___ Records for the exercise ___

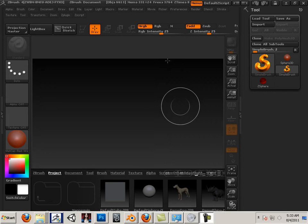Alright, so we're going to look at Pixelogic ZBrush and Blender together as a workflow.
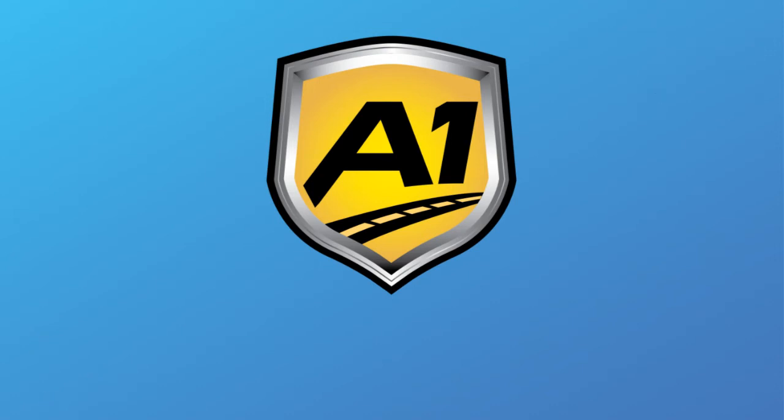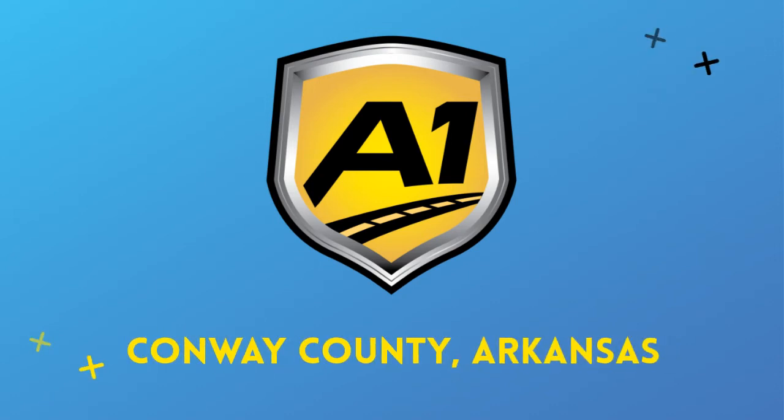Welcome to A1 Auto Transport. When you ship your vehicle to another location, the last thing you want is a company that you cannot trust.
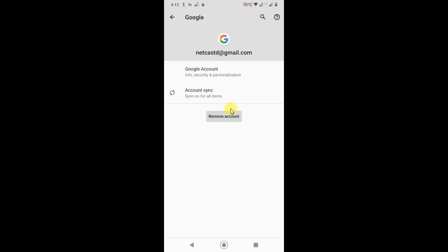And from here you can remove it. Okay, so it will be removed from your device only. You can log in again and you can log in from another device.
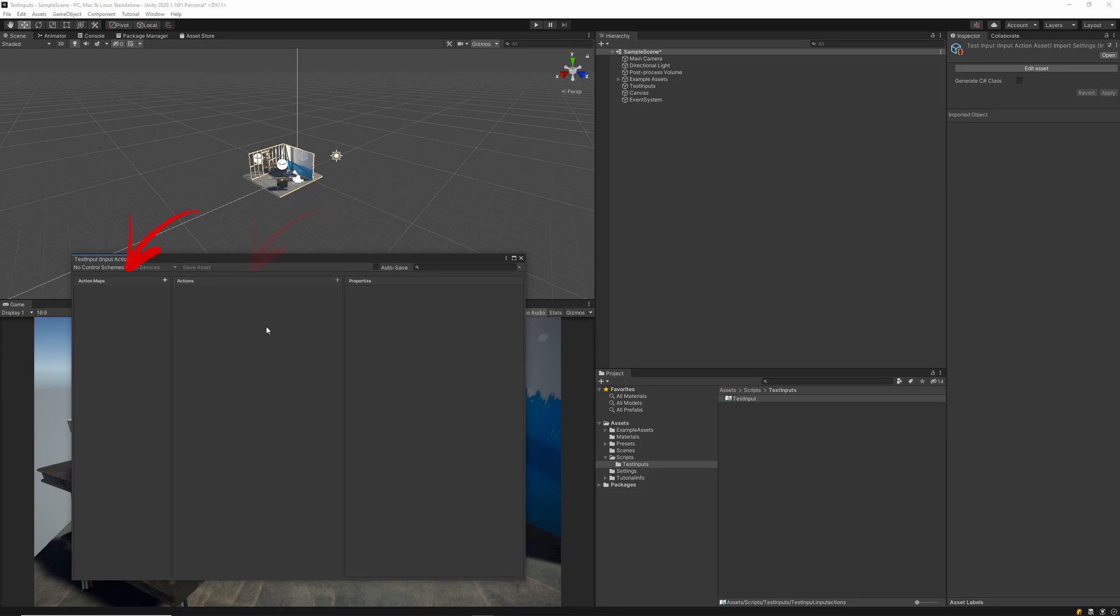The action maps, the actions, and the properties. We'll go into a little bit more depth into these a little bit later. But for now, you'll want to make sure that you tick the auto save button.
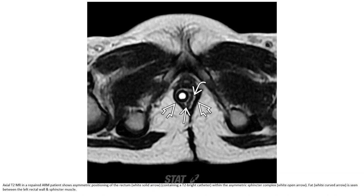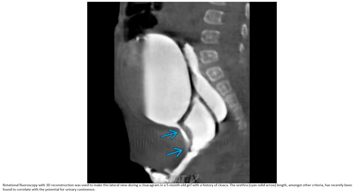Rotational fluoroscopy with 3D reconstruction was used to produce this lateral view during a cloaca colostogram in a five-month-old with cloaca. The urethral line, among other criteria, has been found to correlate with the potential for urinary continence.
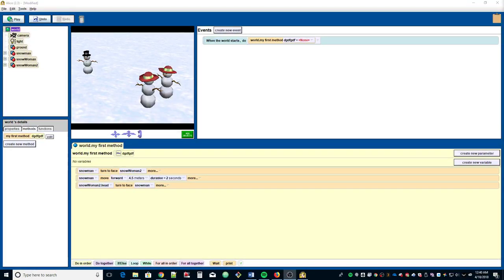Hello class, this is exercise 4-1 number one: Snow People Flip Hats on page 129 in our Alice textbook. We have to write a new world-level method for the snow people world that was used in chapter 2, exercise 3.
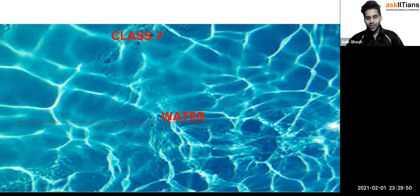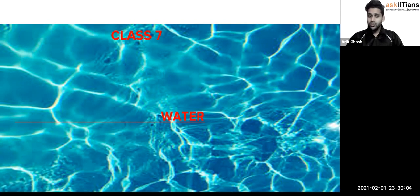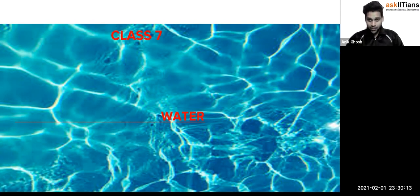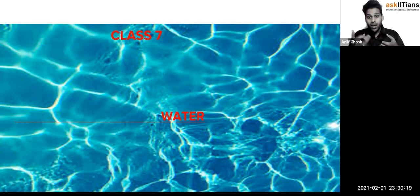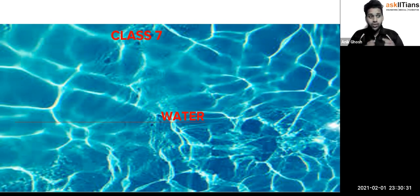Hello students, welcome back to the video classes. I am Anik Ghosh, your chemistry teacher. Today we are going to start with the chapter on water. This chapter is very important because we are going to learn where water comes from, what the water cycle is, how many types of water are there on Earth, and which waters are drinkable and which are not.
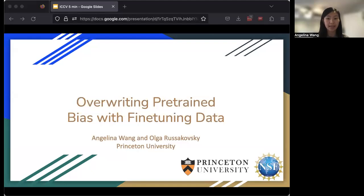Hi, I'm Angelina Wang, and today I'm going to talk about work with Olga Rusakovsky called Overwriting Pre-Train Bias with Fine-Tuning Data.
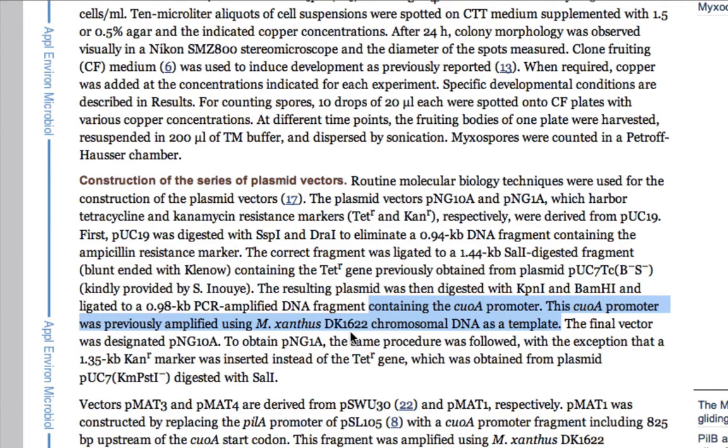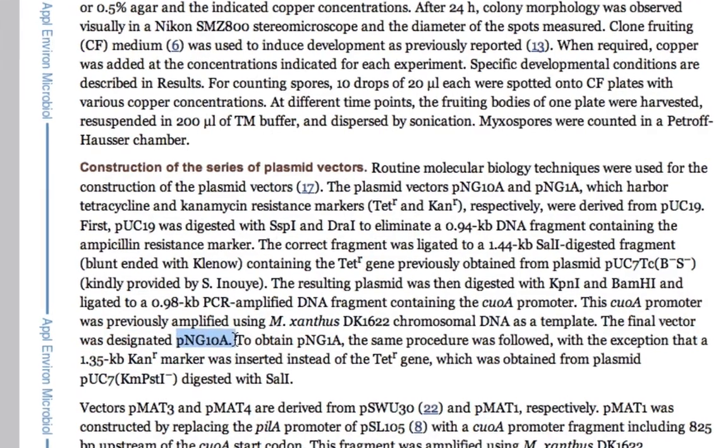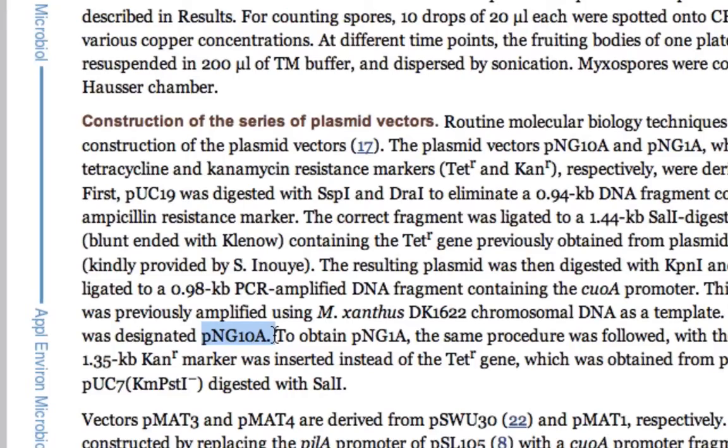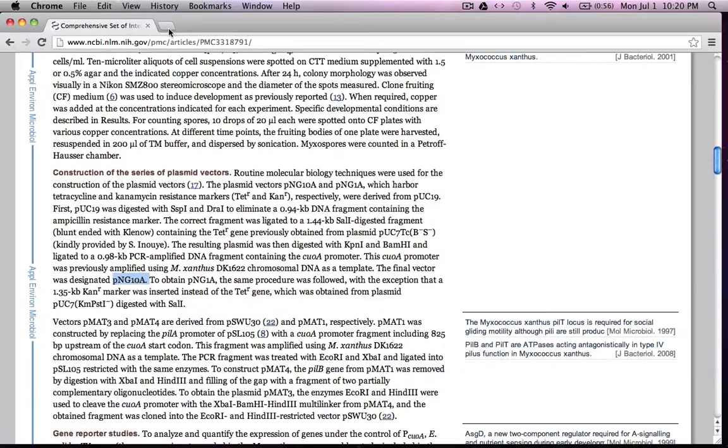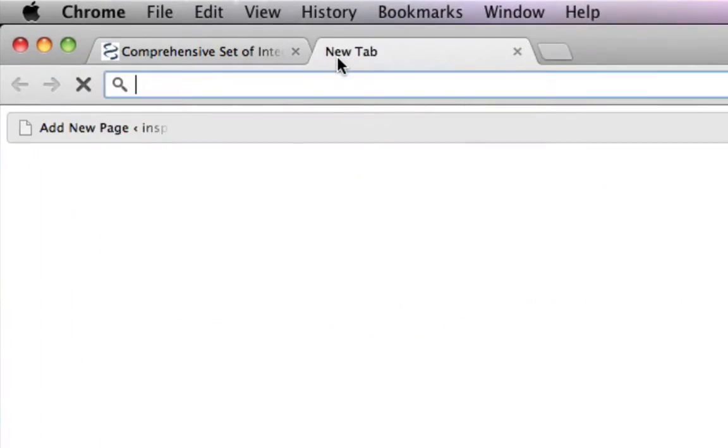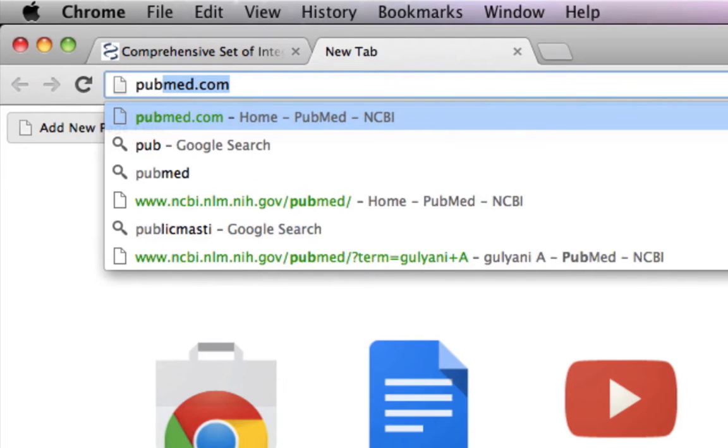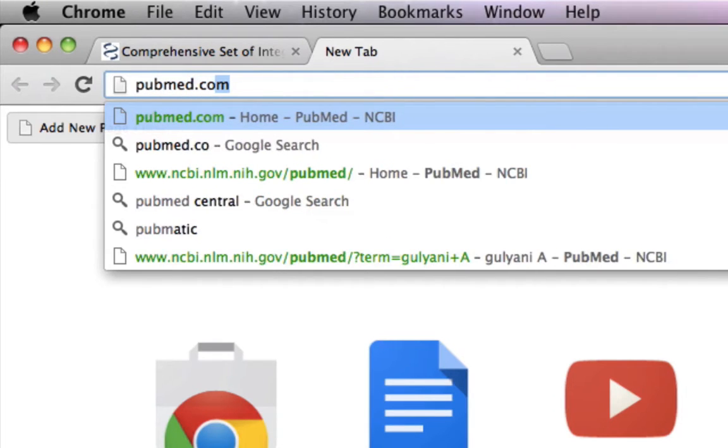The final vector is called PNG10A. So basically you are interested in getting the entire sequence of PNG10A and opening it in your Serial Cloner software. You open the NCBI website.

___

Task item :: With the pictures excluded, the records are to be reproduced exactly.

Solution for this exercise ::
Alright, so we're going to look at Pixelogic ZBrush and Blender together as a workflow.
Welcome to A1 Auto Transport. When you ship your vehicle to another location, the last thing you want is a company that you cannot trust.
And from here you can remove it. Okay, so it will be removed from your device only. You can log in again and you can log in from another device.
The action maps, the actions, and the properties. We'll go into a little bit more depth into these a little bit later. But for now, you'll want to make sure that you tick the auto save button.
Rotational fluoroscopy with 3D reconstruction was used to produce this lateral view during a cloaca colostogram in a five-month-old with cloaca. The urethral line, among other criteria, has been found to correlate with the potential for urinary continence.
Hello class, this is exercise 4-1 number one: Snow People Flip Hats on page 129 in our Alice textbook. We have to write a new world-level method for the snow people world that was used in chapter 2, exercise 3.
Hello students, welcome back to the video classes. I am Anik Ghosh, your chemistry teacher. Today we are going to start with the chapter on water. This chapter is very important because we are going to learn where water comes from, what the water cycle is, how many types of water are there on Earth, and which waters are drinkable and which are not.
Hi, I'm Angelina Wang, and today I'm going to talk about work with Olga Rusakovsky called Overwriting Pre-Train Bias with Fine-Tuning Data.
The final vector is called PNG10A. So basically you are interested in getting the entire sequence of PNG10A and opening it in your Serial Cloner software. You open the NCBI website.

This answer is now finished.